======== DATA EXCERPTS ========

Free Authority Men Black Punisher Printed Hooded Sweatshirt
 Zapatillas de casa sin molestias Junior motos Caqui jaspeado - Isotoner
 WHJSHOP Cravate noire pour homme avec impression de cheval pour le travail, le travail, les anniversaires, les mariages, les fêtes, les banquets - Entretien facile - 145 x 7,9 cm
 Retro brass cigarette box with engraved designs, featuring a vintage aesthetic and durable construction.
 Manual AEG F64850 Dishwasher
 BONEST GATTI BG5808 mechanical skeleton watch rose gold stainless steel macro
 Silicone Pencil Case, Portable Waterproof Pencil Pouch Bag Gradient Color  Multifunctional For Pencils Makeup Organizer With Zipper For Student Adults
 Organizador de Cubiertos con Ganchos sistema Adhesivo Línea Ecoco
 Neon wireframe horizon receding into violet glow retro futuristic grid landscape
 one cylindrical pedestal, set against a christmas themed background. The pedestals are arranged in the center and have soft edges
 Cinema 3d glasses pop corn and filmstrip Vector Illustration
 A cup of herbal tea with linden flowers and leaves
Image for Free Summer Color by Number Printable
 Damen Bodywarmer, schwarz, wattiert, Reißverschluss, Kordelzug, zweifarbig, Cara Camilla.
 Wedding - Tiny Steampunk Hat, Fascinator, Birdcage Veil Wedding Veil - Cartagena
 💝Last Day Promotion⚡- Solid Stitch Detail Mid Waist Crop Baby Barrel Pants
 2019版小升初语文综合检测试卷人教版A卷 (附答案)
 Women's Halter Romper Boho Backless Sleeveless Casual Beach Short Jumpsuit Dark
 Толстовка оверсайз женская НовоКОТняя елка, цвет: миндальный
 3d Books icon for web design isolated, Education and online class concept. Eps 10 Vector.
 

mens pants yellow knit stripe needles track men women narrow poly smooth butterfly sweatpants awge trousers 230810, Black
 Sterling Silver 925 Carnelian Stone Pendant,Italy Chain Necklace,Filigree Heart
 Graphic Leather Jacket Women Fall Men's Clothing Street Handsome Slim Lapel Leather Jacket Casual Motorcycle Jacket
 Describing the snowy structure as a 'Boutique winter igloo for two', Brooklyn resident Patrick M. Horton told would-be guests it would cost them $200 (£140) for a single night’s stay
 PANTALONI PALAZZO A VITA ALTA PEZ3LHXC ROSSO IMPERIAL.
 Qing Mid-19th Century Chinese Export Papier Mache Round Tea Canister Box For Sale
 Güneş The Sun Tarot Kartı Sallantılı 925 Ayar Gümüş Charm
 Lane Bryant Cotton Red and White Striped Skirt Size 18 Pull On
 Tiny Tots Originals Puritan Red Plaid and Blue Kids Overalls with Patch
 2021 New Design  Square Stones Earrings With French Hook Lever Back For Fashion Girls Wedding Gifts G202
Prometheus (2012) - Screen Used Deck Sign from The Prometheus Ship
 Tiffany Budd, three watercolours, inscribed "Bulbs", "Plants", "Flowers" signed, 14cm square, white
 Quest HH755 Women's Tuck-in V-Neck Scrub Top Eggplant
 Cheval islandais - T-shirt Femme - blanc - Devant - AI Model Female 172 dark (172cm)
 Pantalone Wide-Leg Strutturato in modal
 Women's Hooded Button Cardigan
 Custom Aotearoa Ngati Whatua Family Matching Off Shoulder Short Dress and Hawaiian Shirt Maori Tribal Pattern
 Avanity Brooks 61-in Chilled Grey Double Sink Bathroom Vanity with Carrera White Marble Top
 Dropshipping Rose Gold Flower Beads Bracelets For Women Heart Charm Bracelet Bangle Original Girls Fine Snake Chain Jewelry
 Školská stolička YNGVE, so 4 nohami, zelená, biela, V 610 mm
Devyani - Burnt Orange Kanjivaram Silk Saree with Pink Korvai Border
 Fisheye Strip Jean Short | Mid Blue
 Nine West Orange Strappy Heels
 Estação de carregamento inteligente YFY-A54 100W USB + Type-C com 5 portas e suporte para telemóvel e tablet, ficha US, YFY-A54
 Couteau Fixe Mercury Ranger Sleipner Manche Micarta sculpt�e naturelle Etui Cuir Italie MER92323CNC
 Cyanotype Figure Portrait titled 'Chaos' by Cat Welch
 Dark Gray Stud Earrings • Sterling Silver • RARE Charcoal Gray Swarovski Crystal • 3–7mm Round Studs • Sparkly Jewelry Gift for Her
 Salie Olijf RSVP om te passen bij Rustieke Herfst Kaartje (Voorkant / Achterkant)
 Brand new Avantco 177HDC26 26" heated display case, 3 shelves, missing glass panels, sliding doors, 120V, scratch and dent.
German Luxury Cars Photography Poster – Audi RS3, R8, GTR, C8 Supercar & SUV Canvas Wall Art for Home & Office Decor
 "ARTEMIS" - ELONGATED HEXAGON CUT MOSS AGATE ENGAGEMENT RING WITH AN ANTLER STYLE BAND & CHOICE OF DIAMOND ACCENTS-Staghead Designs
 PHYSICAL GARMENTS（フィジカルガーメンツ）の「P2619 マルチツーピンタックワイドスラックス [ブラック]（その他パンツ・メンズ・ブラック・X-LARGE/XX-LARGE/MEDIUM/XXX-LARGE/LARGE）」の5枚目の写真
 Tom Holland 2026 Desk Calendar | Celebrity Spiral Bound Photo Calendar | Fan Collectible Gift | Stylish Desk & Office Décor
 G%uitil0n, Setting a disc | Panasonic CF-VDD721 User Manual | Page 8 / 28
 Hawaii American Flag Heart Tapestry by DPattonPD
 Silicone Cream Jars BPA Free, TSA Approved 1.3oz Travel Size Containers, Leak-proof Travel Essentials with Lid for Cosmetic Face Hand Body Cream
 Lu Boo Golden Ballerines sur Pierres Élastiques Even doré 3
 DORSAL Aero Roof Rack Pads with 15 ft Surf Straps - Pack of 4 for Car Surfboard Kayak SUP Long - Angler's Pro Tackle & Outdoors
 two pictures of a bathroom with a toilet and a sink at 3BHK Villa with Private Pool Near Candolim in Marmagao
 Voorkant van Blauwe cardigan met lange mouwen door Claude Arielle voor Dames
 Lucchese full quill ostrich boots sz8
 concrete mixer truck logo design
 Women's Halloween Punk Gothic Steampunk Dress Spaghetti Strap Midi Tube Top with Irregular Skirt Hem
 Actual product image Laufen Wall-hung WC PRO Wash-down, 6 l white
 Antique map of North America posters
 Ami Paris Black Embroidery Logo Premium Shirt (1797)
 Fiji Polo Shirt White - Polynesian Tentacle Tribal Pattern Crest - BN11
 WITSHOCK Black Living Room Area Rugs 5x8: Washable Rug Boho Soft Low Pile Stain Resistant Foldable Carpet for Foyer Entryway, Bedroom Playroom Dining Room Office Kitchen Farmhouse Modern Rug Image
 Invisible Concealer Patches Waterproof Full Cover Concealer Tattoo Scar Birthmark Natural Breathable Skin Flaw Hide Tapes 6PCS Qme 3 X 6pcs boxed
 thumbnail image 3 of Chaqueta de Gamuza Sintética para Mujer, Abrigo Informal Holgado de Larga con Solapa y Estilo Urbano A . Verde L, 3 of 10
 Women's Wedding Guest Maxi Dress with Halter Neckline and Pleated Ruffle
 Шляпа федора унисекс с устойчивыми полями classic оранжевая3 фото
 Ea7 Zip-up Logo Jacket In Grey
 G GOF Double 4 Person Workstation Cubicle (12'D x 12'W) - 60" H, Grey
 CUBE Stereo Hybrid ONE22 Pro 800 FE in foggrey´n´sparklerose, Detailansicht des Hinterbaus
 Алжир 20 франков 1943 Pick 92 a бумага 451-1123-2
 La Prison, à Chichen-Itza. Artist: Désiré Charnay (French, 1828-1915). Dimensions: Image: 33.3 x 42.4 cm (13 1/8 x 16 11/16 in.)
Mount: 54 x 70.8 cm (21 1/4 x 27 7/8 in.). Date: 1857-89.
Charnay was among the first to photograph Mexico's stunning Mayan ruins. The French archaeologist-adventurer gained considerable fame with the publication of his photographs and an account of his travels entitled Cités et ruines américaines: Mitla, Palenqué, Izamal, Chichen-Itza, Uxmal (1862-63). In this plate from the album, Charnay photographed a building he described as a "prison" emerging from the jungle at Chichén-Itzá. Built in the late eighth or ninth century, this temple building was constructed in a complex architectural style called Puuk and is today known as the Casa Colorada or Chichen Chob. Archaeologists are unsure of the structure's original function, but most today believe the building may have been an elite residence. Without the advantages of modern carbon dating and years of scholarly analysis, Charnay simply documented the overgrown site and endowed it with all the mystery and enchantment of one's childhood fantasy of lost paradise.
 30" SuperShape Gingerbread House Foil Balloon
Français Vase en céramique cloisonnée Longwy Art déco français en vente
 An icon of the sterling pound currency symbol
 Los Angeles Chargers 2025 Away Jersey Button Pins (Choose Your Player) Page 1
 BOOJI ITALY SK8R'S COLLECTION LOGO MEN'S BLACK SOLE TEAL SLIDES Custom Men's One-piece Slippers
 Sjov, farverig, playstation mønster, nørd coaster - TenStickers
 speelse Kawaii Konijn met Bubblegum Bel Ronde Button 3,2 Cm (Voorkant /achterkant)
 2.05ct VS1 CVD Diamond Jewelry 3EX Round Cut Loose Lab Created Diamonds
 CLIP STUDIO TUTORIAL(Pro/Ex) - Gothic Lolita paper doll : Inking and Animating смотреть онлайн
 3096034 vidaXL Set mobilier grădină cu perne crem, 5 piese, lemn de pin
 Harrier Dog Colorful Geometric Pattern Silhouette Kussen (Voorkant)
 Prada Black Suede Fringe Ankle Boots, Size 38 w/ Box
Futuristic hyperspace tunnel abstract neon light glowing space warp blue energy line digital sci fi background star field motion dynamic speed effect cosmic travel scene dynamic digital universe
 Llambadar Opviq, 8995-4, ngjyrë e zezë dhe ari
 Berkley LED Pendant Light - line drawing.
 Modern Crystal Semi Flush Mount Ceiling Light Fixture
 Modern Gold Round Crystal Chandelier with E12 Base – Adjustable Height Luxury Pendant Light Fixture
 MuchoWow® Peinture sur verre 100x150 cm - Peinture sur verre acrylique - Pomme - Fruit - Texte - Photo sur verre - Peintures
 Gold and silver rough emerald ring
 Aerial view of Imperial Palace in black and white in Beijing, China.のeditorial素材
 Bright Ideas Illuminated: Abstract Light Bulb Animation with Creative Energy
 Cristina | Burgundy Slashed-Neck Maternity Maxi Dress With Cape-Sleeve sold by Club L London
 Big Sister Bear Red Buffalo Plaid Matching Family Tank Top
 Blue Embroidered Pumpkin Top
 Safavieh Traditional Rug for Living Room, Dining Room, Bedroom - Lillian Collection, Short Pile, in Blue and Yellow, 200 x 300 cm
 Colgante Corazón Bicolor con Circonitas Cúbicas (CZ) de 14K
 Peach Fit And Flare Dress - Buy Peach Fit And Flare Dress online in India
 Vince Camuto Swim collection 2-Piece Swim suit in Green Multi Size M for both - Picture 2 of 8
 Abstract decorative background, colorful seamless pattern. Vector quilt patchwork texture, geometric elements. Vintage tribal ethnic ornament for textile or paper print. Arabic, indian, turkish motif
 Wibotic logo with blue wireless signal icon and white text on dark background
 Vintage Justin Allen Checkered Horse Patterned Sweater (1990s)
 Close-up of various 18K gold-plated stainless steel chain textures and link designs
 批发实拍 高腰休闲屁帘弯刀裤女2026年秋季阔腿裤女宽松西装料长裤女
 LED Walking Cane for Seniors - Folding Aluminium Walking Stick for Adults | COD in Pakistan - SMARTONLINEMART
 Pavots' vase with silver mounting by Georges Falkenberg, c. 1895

========

Go through the material above and output exactly the lines from the one containing "Ea7 Zip-up Logo Jacket In Grey" through the one containing "Mount: 54 x".

 Ea7 Zip-up Logo Jacket In Grey
 G GOF Double 4 Person Workstation Cubicle (12'D x 12'W) - 60" H, Grey
 CUBE Stereo Hybrid ONE22 Pro 800 FE in foggrey´n´sparklerose, Detailansicht des Hinterbaus
 Алжир 20 франков 1943 Pick 92 a бумага 451-1123-2
 La Prison, à Chichen-Itza. Artist: Désiré Charnay (French, 1828-1915). Dimensions: Image: 33.3 x 42.4 cm (13 1/8 x 16 11/16 in.)
Mount: 54 x 70.8 cm (21 1/4 x 27 7/8 in.). Date: 1857-89.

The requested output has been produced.